Before visiting this rugged park, it is useful to have your bearings about you. First off, it is safe to say that Arthur’s Seat sticks out like a sore thumb. This gargantuan lump of rock is a geologist’s dream and forms the main group of mountains in the city. Always begging to be climbed, this beauty makes for the perfect adventure. Unsurprisingly, some of the most glorious views of Edinburgh can be spied from a summit of 822 feet. Hillwalkers tend to meander in every direction, however, the easiest route is from the grassy slope on the east side by Dunsapie Loch. Arthur’s Seat is steeped in history and speculations state that it is one of the potential locations for Camelot, the castle of warrior-chief King Arthur.
Those who have a penchant for the more thrilling moments in life may very well be infatuated with Salisbury Crags — a conglomeration of cliffs that sit atop a subsidiary spur of Arthur’s Seat. Dolerite and columnar basalt make up these impressive jagged wonders. With this in mind, arty folk may like to try their hand at getting that perfect shot of Samson’s Ribs. Many a rock climber has tested their might on these formidable faces over time. Nowadays, human spider monkeys can only clamber up the designated area of the South Quarry.

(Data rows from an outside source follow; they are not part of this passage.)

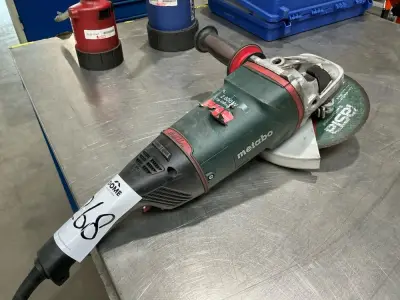 Metabo WE 26-230 MVT Angle grinder – kavel bij Dome Auctions, Höhenkirchen-Siegertsbrunn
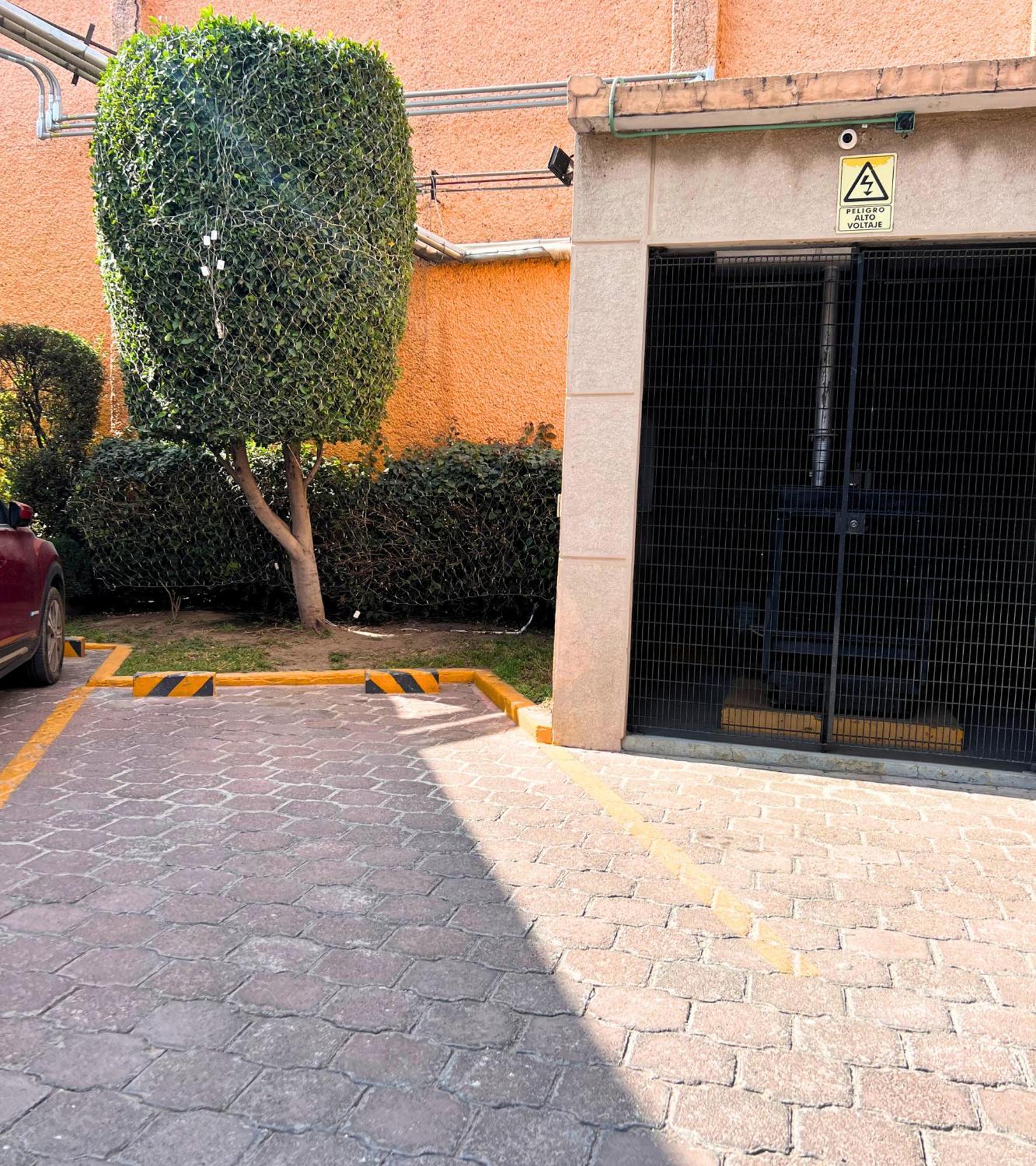 Autoparador Del Valle Mexikóváros Kültér fotó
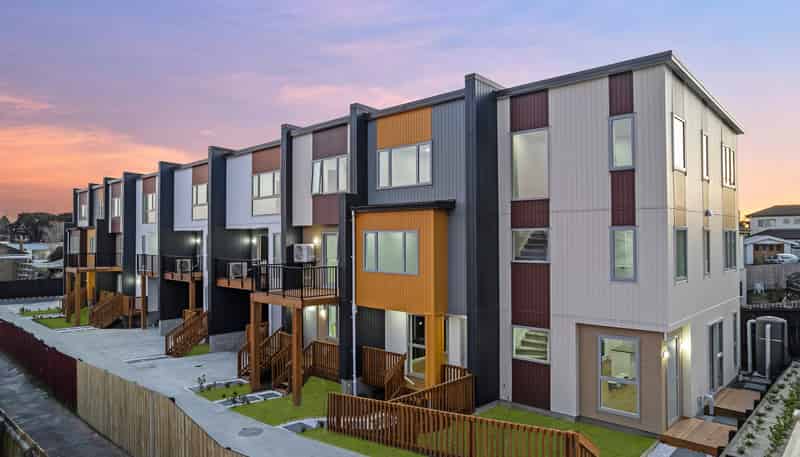 4/8 Reeves Avenue, Papatoetoe
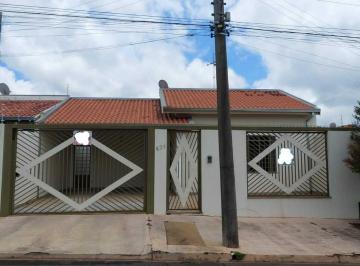 Casa · 107m² · 3 Quartos · 2 Vagas · Casa em Rua Domingos Calamita - Loteamento Porto Seguro - Avaré/SP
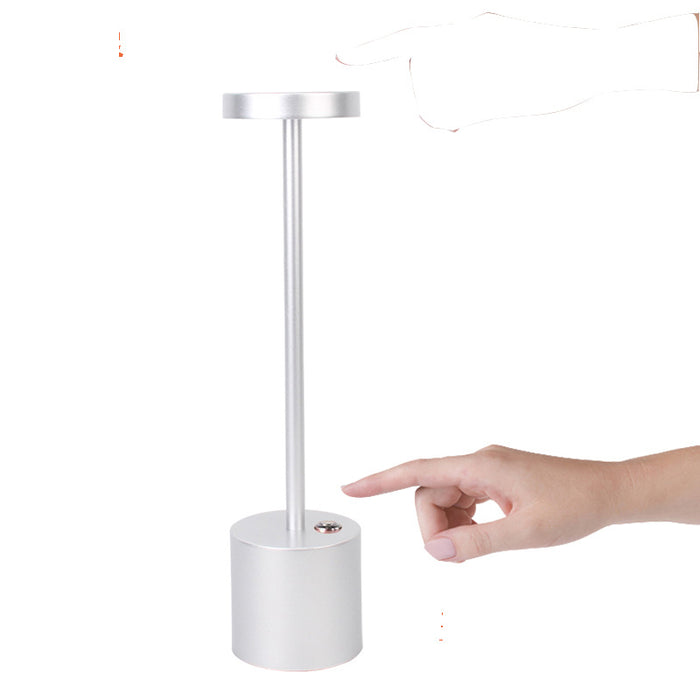 Lampada da scrivania ricaricabile impermeabile a LED in lega di alluminio Lampade da tavolo in metallo con attenuazione tattile per bar Soggiorno Lettura Luce da campeggio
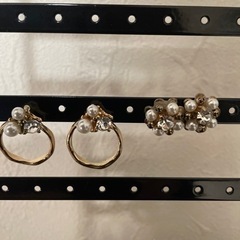 GAPのピアス7点➕ピアススタンドの画像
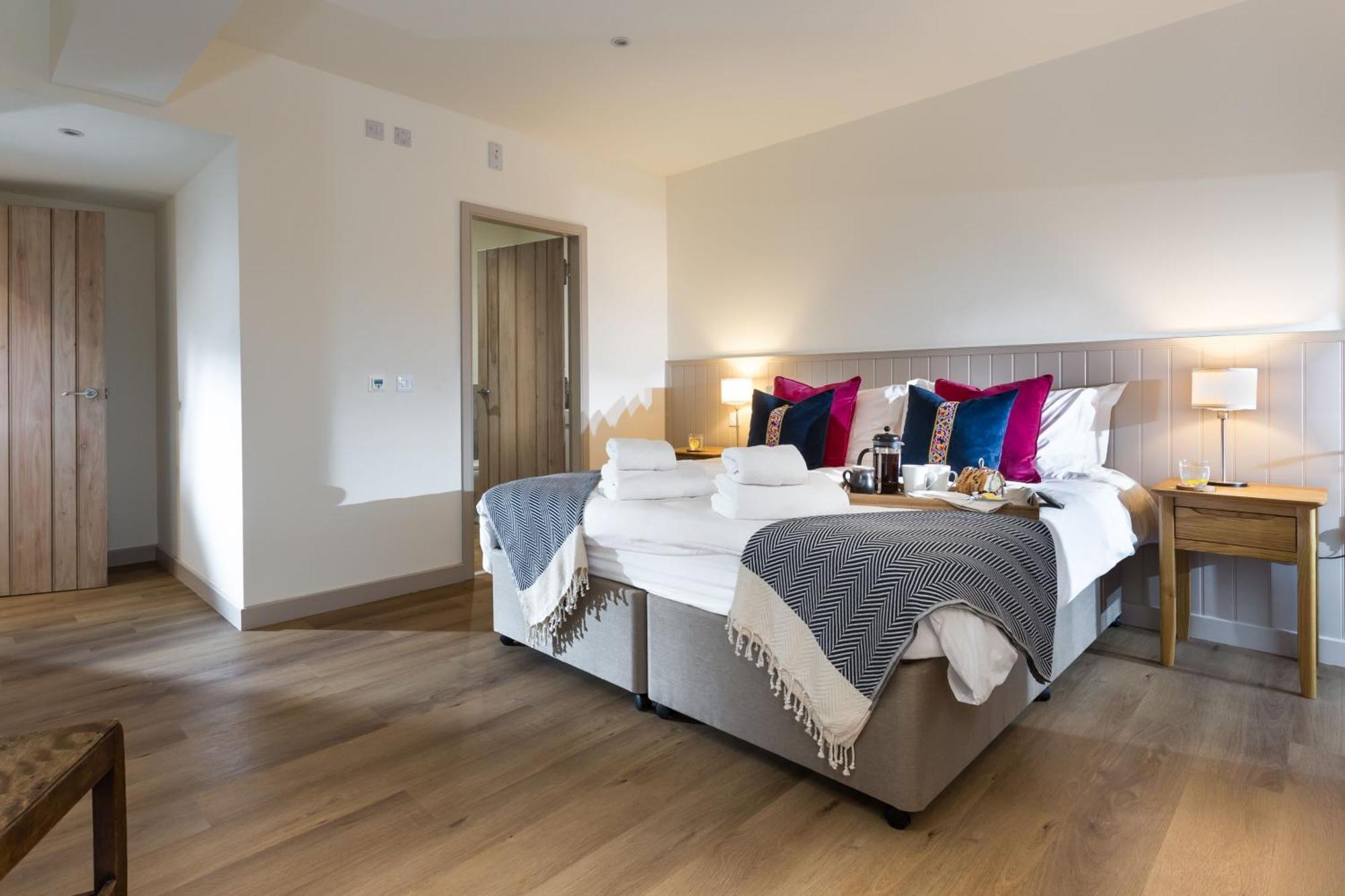 The Barn At Plas Ashpool Sleeps 8 Llandyrnog Exterior photo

At the south of Queen’s Drive stands the shallow man-made pool of water known as St Margaret’s Loch. This spot appeared in 1856 under the order of Prince Albert, who adored the area and constructed plans to improve the surroundings of the royal residence. In times gone by, boats have been known to bob around. Today, gaggles of giggling geese can be spotted wandering the area alongside chattering ducks and an army of slender swans. The swans that call this loch home are a popular attraction for passers by who watch them gracefully glide across the water.
Park-goers cannot help but be fixated with the ambiguous ruins of St Anthony’s Chapel, that sit alluringly amongst the splendor and ruggedness of the sprawling park. Although the lines are hazy surrounding the story behind this historic chapel, it is thought to have been erected no later than the start of the 15th century. Interestingly, in 1426, the Pope made a donation towards the repair of this Holy building. Today, only the north wall exists (in fairly decent shape), in addition to a sliver of the west wall. According to records dating back to the 18th century, this chapel was an aesthetically sublime piece of Gothic architecture. While exploring the ruins of this curious construction, perhaps look for clues to help tell its true tale.